A newly identified hacking cluster known as ShadowSilk has been linked to a wave of cyber intrusions aimed at government agencies in Central Asia and the Asia-Pacific (APAC) region.
Rising Campaigns and Overlaps with Other Groups
Group-IB reports that nearly 36 victims have been confirmed so far, with attackers primarily focused on stealing sensitive data. Investigations reveal overlaps in tools and infrastructure with previously known cyber groups including YoroTrooper, SturgeonPhisher, and Silent Lynx.
The targeted entities include government organizations in Uzbekistan, Kyrgyzstan, Myanmar, Tajikistan, Pakistan, and Turkmenistan. Non-government sectors such as energy, transportation, retail, and manufacturing were also affected.

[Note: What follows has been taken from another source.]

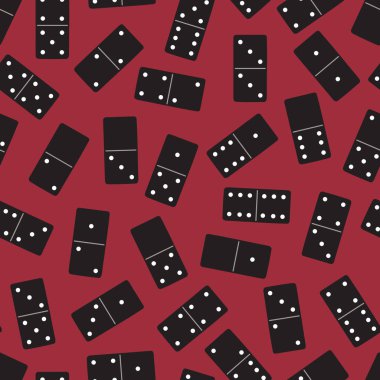 Yayılmış domino taşı deseni. Siyah domino taşları koyu kırmızı arka planda. Tablo oyunu.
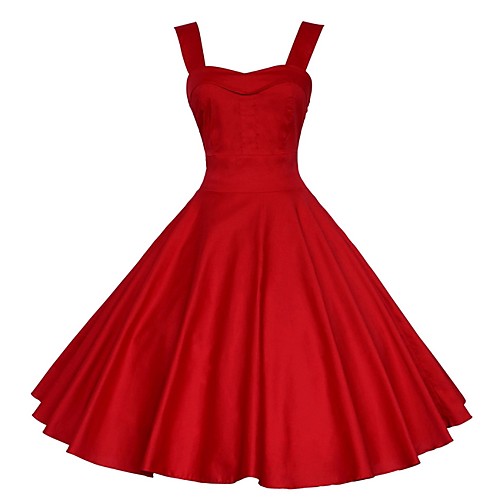 

Women's Red Black Dress A Line Solid Color S M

Researchers Nikita Rostovcev and Sergei Turner described the operation as a collaboration between Russian-speaking developers (linked to YoroTrooper’s older code) and Chinese-speaking intrusion operators, creating a multi-regional threat presence. However, the full extent of cooperation between the sub-groups is still unclear.
Historical Background of Related Groups
- YoroTrooper was first exposed by Cisco Talos in March 2023. It had been conducting cyber attacks on European government and energy organizations since mid-2022, with activity possibly starting as early as 2021 according to ESET.
- Later research suggested that some YoroTrooper members were based in Kazakhstan, as indicated by their fluency in Kazakh and Russian, alongside a noticeable absence of attacks against Kazakh targets.
- In January this year, Seqrite Labs revealed cyber campaigns from Silent Lynx, which targeted organizations in Kyrgyzstan and Turkmenistan, again showing links to YoroTrooper operations.
Attack Techniques and Tools
ShadowSilk’s latest operations rely heavily on spear-phishing emails as the initial attack vector. Victims receive password-protected archive files that launch a custom loader, which hides C2 traffic inside Telegram bots to bypass detection and download further payloads. Persistence is achieved by altering Windows Registry entries to ensure malware runs automatically after system reboot.
Image import
The group also exploits known vulnerabilities including:
- Drupal exploits (CVE-2018-7600, CVE-2018-76020)
- WP-Automatic WordPress plugin exploit (CVE-2024-27956)
Its toolkit includes FOFA, Fscan, Gobuster, Dirsearch, Metasploit, and Cobalt Strike. Additionally, ShadowSilk integrates JRAT and Morf Project web panels (sourced from darknet forums) for managing compromised systems. A specialized tool is also used to steal Google Chrome password storage files along with their decryption keys.
The attackers often compromise legitimate websites to host malicious payloads, further complicating detection.
Post-Exploitation and Data Theft
Once inside, the group uses web shells (ANTSWORD, Behinder, Godzilla, FinalShell), Sharp-based exploitation tools, and tunneling software like Resocks and Chisel to move laterally, escalate privileges, and extract sensitive data.
The attacks eventually deploy a Python-based Remote Access Trojan (RAT) that communicates with a Telegram bot, disguising data exfiltration as normal messaging traffic. Tools like Cobalt Strike and Metasploit modules enable screen captures and webcam surveillance. A custom PowerShell script scans for files with specific extensions, compresses them into ZIP archives, and sends them to external servers.
Evidence of Chinese Operator Involvement
While Group-IB confirms that YoroTrooper developers are fluent in Russian, screenshots from an attacker’s workstation revealed evidence of Chinese-speaking operators. Findings included:
- Chinese vulnerability scanners
- Automatic translations of Kyrgyz government websites into Chinese
- Chinese keyboard layouts in use
This suggests a joint operation between Russian and Chinese speakers, with one side handling malware development and the other carrying out active intrusions.
Ongoing Activity
Group-IB notes that ShadowSilk remains highly active, with new victims identified as recently as July 2025. The group continues to target government sectors across Central Asia and APAC, highlighting the urgent need for infrastructure monitoring, proactive defense, and long-term compromise prevention.